# 1910 Bungalow Remodel



## timber (Nov 30, 2007)

Sweet pics , that's a beautiful place! We just moved out of a great bungalow 3yrs ago. We didn't want to leave but the neighborhood was getting pretty bad ( too many unkept rentals with not- so- nice people). I have two small girls and thought it was time to get out. Ours was also a historic home that had been moved in 1930 to a location 3-blocks away from it's present site. We miss our front porch reeeeeeallly bad! The porch on yours is incredible! Thanks for the pick-me-up, our new house is a 1950's Ranch, which I'm gonna convert to a bungalow!:laughing:


----------



## AndyH (Mar 10, 2008)

what does this have to do with DIY?


----------



## CountryGirl49 (May 10, 2008)

Wow! I'm very impressed. I don't know if I could live with contractors in my house all the time. The rooms look fabulous! Congratulations!


----------



## AtlanticWBConst. (May 12, 2006)

AndyH said:


> what does this have to do with DIY?


Now: I must say, I looked at the pictures before realizing that the member had hired a contractor. I thought..wow, these home owners are pretty darn good!

To a certain degree, the Home Owners had some say in the design, paint, materials used, etc. I still think that it is a good post, because it shows members what they can do in their own home, whether they DIY, hire a contractor for some & DIY other portions, or simply act as their own GC, while hiring subcontractors to do the work. 

A home owner's imagination, ideas, designs, & choices...are still things that they can be proud of and share with others. It also serves as a motivation for others to do work on their own home, or get ideas... (Infact, when looking thru home magazines, or watching DIY shows on TV/Cable, who do you think has done the work?....99% of the time it's done by hired contractors/pros)

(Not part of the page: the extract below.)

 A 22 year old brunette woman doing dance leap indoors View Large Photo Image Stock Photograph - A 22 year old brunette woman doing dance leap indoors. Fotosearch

I am currently remodeling a 1930's New England Farm House - I plan on moving into this month (hopefully). When I am done with phase one (1 of 10), I am thinking of posting the before and after pics. Yes, I am a GC, but I hope that the pics will show people the options and ideas, to what can be done to improve their own home. Maybe it will give motivation for some to do more with theirs.

Congratulations argana

Nice House!


----------



## mark942 (Feb 2, 2008)

:thumbsup: on the house.

Good Luck on the next month move Atlantic.


----------